Example Usage

The following example demonstrates how to run ArtiCull.

Example Files

  • example/example.maf: Mutation Annotation Format (MAF) file containing candidate variants

  • example/example.bam: BAM file with sequencing data

  • example/example.bam.bai: Index files for BAM

Instructions

Follow setup and activate conda environment

Follow the directions in Installation to create a conda environment and download required genomic tracks.

conda env create -f requirements.yml -n articull-env
conda activate articull-env
bash scripts/setup_mappability_track.bash [output_directory]

If you have already done this previously, ensure that the articull-env` environment is activated.

conda activate articull-env

Run classification

This will first extract model features and save to example/example_features.tsv. Then it will run the pretrained model in model/preprint_model/ directory to classify and save to example/example_result.tsv.

maf=example/example.maf
bam=example/example.bam
output_prefix=example/example
model_dir=models/preprint_model/

python -m articull classify $maf $output_prefix $model_dir $bam --cores 1

Output

The output file, result.tsv, is saved in the specified output directory.

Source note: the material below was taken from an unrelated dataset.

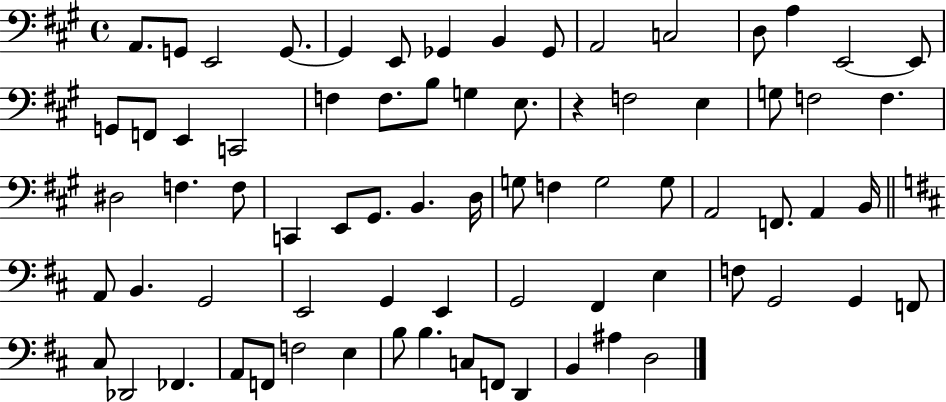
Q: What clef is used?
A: bass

This is a tab-separated values (TSV) file with the following columns:

Column

Description

chrm

Chromosome where the variant is located.

pos

Position of the variant on the chromosome.

ref_allele

Reference allele at the given position.

alt_allele

Alternate allele identified at the given position.

result

Classification of the variant (ARTIFACT, PASS, or SKIP).

prob_artifact

Probability that the variant is an artifact (only provided for classified variants).

Example output:

chrm

pos

ref_allele

alt_allele

result

prob_artifact

1

201206823

G

A

ARTIFACT

0.9729175263160109

1

203994039

C

A

PASS

0.01078797299659806

1

201226655

T

C

SKIP

Classification criteria:

  • Variants are classified as ARTIFACT if prob_artifact > 0.5.

  • Variants are classified as PASS otherwise.

  • Variants are classified as SKIP if no supporting variant reads are found in the BAM file (e.g., due to realignment during variant calling).